Brief descriptive captions ->
####################

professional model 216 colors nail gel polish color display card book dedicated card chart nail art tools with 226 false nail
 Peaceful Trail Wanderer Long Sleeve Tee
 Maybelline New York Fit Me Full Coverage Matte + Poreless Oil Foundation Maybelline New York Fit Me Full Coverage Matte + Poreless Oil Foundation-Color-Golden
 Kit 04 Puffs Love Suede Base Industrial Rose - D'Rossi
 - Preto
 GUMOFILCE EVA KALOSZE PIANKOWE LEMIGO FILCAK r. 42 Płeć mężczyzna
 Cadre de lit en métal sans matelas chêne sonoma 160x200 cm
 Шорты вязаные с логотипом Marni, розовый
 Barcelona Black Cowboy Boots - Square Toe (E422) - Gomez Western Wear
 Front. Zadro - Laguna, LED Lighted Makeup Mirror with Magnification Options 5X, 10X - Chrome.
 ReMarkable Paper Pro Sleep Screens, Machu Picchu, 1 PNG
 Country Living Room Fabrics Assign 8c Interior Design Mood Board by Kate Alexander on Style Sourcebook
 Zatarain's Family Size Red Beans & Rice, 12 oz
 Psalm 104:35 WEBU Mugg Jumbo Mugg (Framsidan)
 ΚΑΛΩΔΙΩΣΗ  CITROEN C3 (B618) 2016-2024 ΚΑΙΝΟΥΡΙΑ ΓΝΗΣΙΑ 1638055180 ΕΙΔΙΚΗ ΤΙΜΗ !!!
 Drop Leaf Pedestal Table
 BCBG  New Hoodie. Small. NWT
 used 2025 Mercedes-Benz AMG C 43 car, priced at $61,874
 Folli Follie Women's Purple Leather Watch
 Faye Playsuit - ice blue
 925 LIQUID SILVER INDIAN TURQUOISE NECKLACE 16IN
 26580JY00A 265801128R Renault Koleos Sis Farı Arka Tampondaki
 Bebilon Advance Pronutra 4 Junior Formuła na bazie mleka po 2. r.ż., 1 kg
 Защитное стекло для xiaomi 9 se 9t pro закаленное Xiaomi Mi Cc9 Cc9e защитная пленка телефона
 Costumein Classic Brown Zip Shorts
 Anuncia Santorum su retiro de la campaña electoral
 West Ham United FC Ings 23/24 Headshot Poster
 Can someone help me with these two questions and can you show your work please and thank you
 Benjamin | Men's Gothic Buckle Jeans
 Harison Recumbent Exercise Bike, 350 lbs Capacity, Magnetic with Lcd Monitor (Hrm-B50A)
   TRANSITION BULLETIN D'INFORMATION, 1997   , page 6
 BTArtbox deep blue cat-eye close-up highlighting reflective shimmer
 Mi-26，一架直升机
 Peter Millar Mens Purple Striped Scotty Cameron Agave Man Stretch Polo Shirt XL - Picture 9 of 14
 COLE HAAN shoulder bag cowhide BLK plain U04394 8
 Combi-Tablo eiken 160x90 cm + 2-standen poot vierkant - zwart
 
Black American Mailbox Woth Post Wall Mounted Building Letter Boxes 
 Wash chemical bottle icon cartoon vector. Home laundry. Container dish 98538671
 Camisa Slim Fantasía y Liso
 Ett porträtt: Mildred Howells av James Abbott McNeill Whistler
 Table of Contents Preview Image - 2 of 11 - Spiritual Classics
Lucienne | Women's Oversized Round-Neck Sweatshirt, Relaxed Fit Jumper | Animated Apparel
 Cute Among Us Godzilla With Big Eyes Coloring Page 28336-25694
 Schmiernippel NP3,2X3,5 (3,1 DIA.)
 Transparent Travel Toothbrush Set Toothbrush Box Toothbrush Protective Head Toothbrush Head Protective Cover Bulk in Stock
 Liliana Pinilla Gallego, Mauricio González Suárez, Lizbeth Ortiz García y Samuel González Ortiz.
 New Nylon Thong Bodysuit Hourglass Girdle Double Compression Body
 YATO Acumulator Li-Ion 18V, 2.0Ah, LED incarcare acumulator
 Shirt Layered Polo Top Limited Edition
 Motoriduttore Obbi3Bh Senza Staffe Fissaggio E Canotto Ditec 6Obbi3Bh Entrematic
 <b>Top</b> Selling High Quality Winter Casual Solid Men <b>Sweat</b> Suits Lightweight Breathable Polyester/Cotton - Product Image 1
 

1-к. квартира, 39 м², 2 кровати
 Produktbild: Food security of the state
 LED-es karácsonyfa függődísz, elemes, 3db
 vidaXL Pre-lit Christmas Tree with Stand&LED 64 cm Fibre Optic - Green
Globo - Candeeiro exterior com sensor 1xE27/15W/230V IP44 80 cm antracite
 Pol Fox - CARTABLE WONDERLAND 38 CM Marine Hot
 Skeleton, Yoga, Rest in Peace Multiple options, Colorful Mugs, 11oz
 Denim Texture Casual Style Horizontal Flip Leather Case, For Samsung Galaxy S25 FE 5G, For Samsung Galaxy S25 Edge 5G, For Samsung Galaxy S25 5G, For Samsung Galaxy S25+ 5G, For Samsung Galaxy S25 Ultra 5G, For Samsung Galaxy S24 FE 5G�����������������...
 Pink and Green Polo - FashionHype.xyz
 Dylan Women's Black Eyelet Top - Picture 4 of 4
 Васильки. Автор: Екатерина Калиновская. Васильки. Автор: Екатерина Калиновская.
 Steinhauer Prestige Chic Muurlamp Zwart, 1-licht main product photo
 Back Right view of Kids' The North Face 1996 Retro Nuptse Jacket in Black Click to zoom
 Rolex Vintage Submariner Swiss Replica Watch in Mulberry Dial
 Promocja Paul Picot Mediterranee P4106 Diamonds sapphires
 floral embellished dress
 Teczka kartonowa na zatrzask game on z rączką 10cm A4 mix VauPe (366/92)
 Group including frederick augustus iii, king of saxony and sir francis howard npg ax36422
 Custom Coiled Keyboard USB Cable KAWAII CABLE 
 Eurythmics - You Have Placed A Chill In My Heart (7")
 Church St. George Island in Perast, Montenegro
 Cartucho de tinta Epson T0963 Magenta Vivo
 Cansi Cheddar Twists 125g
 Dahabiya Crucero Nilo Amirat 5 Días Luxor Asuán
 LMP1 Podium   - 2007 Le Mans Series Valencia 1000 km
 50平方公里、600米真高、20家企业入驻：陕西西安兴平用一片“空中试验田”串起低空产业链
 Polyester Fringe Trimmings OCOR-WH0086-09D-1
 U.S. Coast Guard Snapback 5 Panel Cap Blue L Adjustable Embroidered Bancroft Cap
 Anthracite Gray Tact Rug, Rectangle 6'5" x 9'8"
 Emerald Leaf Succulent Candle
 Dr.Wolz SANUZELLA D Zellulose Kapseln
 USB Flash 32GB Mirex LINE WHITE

####################

ASSIGNMENT -> Using only the data above, copy out the lines that include the word "Purple".

PROBLEM SOLUTION ->
 Folli Follie Women's Purple Leather Watch
 Peter Millar Mens Purple Striped Scotty Cameron Agave Man Stretch Polo Shirt XL - Picture 9 of 14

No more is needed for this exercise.